Enfin, il ne s’agit pas d’un basculement durable. Après-guerre, le vélo pâtit de son association aux conditions de vie difficiles de l’Occupation. Dès que les automobiles sont revenues sur les routes – en étant de surcroît associées à un sentiment de libération nationale –, le vélo n’a plus sa place.
Qui peut encore se déplacer facilement sous l’Occupation, et qui, au contraire, voit son horizon se réduire ? Peut-on dire que le droit de circuler devient un privilège ?
H. J. : Une réglementation très stricte limite l’usage de l’automobile pour préserver le carburant. Moins de 10 % des véhicules peuvent circuler, dans des conditions restreintes (ni le dimanche ni la nuit, uniquement au sein d’un seul département, etc.). On réserve ces autorisations à des usages professionnels jugés indispensables : des hauts fonctionnaires, des entreprises, des commerçants ou encore des professions médicales…
Mais une multitude de dérogations voient peu à peu le jour, tout le monde essayant de justifier un besoin impérieux de se déplacer. Et puis les infractions sont fréquentes. Si vous avez le droit de conduire la semaine, vous en profitez pour vous ravitailler le dimanche au marché noir…
Ce système crée de fortes inégalités et nourrit un sentiment d’injustice. Les proches du régime s’en sortent mieux. Ils bénéficient d’autorisations plus larges et de meilleures dotations en essence. Les Allemands, eux, disposent de leurs propres allocations – souvent en puisant dans les stocks stratégiques français, d’ailleurs.
Cette période est aussi celle de mobilités forcées, de masse. Qu’est-ce que l’histoire des transports permet de mieux comprendre sur la déportation, les expulsions ou le Service du travail obligatoire (STO) ?
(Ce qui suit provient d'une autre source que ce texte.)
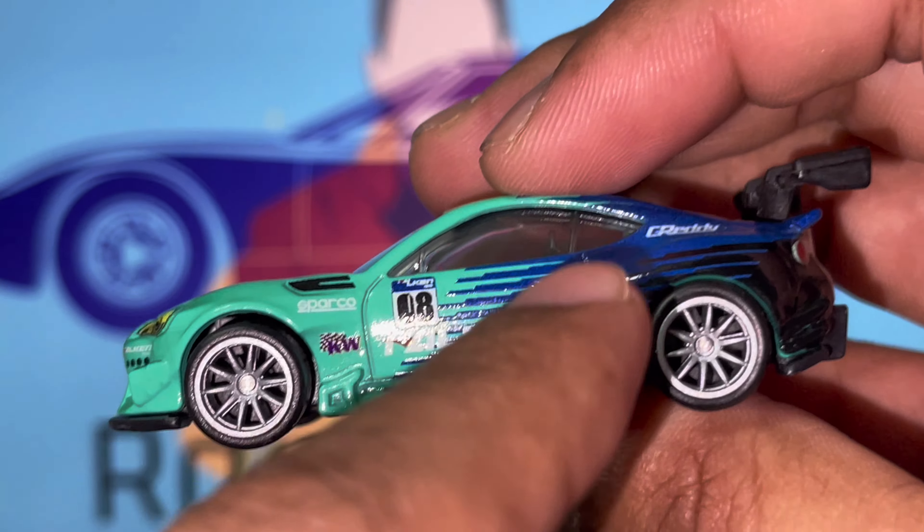The Pandem widebody kit is insane - widebody kits in general are amazingly nice. Looking at the back of the car - just look at this, the wing is huge and very nicely designed. The spoiler is massive and the car is wide by itself. You've got a Subaru logo at the back, the Grady decal covering the license plate, Falcon Tires website advertised at the rear, printed rear tail lights, and a rear diffuser that makes the car look insanely amazing.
H. J. : Les déplacements forcés sont très importants pendant toute cette période. On pense notamment aux 74 convois de la mort partis de Drancy vers Auschwitz, avec environ un millier de déportés à chaque fois. Mais cela ne représente qu’une faible part de l’ensemble.

Le 14 mai 1941, des juifs montent à bord de trains, en gare d’Austerlitz, à destination de camps situés dans le Loiret et dans les Pyrénées. ©SZ Photo / Scherl / Bridgeman Images
Les transports sont abondamment utilisés pour regrouper des populations – par exemple, des juifs venus d’Allemagne et d’Alsace-Moselle, internés dans le Sud puis remontés vers le nord à partir de 1942. Les trajets sont souvent adaptés au jour le jour et chaotiques. À cela s’ajoutent les déportations politiques (des résistants transférés par petits convois), les prisonniers de 1940 envoyés en Allemagne (avec parfois des permissions), les travailleurs volontaires, puis forcés, etc.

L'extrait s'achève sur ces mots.